For A Few Socks of Marbles

I grew up in different neighbourhoods, Arab and Kurdish ones. Until I was nine I lived in an Arab neighbourhood. The people who lived there were sent from the south to the north of Iraq as part of their service by the army.

I was always the black sheep there – they use to call me Kurd and meant it as a form of insult. They could tell I was a Kurd because of my accent.

When I turned ten, we moved to a Kurdish neighbourhood.

I was the only one who wasn't wearing the Kurdish Shirwal (the traditional wide trouser). This time my biggest fear was to be called the Arab because of my Arabic accent when speaking Kurdish. It didn't take long until they understood what I was afraid of, and soon they started calling me Arab as a form of insult and I was marginalized and excluded again. For a child, it was really very hard.

Anyway, children play games according to seasons. For example, in Autumn we used to play with kites because of the wind. Then, when the Summer came they started to play with marbles. Marbles and cowboy card collections from bubble gum wrappings were really very popular among children. There were children who had many of them and were quite well known even beyond their own neighbourhoods. There were children who come to play and gamble from far away and they sometimes lost thousands of cowboy cards. The same happened with marbles. There were children who had ten socks full of marbles – it was like becoming a millionaire when you made your first sock!

It was at that time that I started using what I had learned from the Arab style of marble playing. The Kurdish children in the neighbourhood were playing the Kurdish way, horizontal hand position, which made it hard to hit the target when stones and small hills were in between. They were playing according a Kurdish marble game, which was called Mushien. This game was very complicated and had lots of rules. In some cases for example you were not allowed to hit the last marble that was called Hajj (the pilgrimage to Mecca) and many other regulations in which one didn’t feel free, and usually won or lost only a few marbles at a time. On top of that the most important marble is made from stone with the use of small hammer, by the children themselves. Sometimes it took a player months until the stone had the perfect round shape.

I told them about my new game, it was called Tannab. Tannab was much easier and has almost no restrictions at all, but had really big consequences where you lose for example up to five marbles, but if you win, you would win twenty-five. They were quite seduced by it‘s freedom and profitability. So we started playing. With the vertical hand position that I learned from the Arabic neighbourhood I managed to bankrupt the whole street. Then afterwards I sold the marble back to them. It was 1981. I remember I earned one Dinar at that time and I gave it to my mother to buy me a pair of Kurdish Shirwal.

From then on I was accepted as one of them and no one called me an Arab again.

The rules

Arabic game Tannab

- You have a two meters diameter circle with a line at the centre, where twenty-five marbles are laying – five for each participant.
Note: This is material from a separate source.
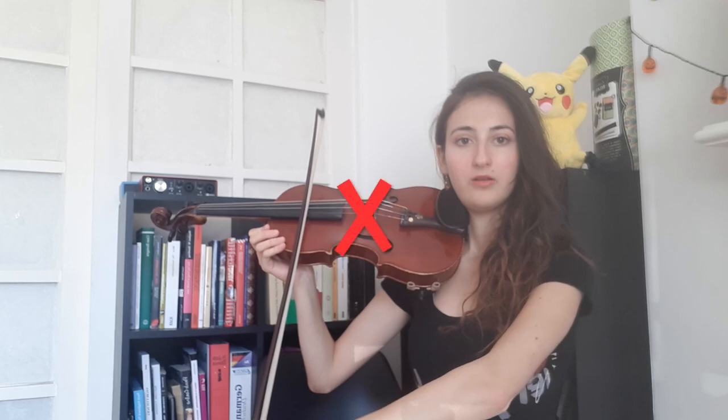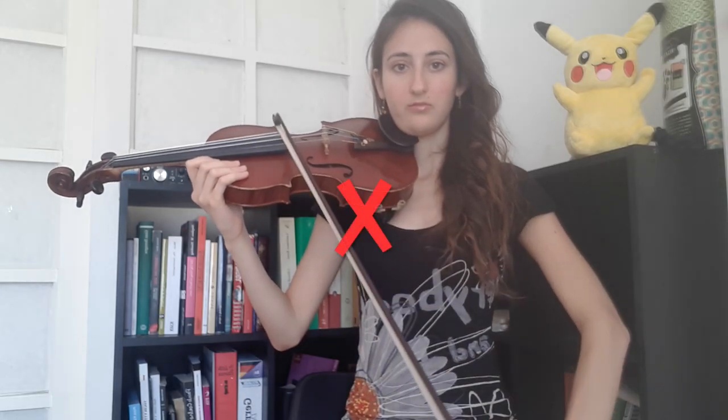In order to keep your bow straight, we need to focus on the elbow and arm movements. Two things can happen when we don't think about this movement properly. The aim is always to keep the bow straight.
Each player shoots with his key marble starting from another line that is parallel to the one in the circle.

You should hit one or more marbles in the circle and scatter them around. If your key marble goes out of the circle with the others, you can take all the ones, which are outside. Then the other players would shoot from the circle line. If your key marble stay in the circle and manages to push at least one of the marbles out of the circle you can take all the twenty-five marbles.

The Kurdish game Mushien

This game was so complicated I still don’t know how exactly the rules were. But I remember few things. There are 3 marbles on one line with a distance of 1 meter between each of them. You cannot take the Hajj that is the last remaining marble, when there are three players. If you are allowed to then the other players would stick their key-marbles to the Hajj and the protect it. You have to hit exactly the Hajj, which is between them. And such other regulations only for one or two marbles.( this is for the sketch which is a line with three marble).

- In the Arab strategy, for shooting the tension comes from the middle finger and the thumb, which makes it stronger than in the Kurdish game where the tension comes from the index and the middle finger.( for the images with both right hand)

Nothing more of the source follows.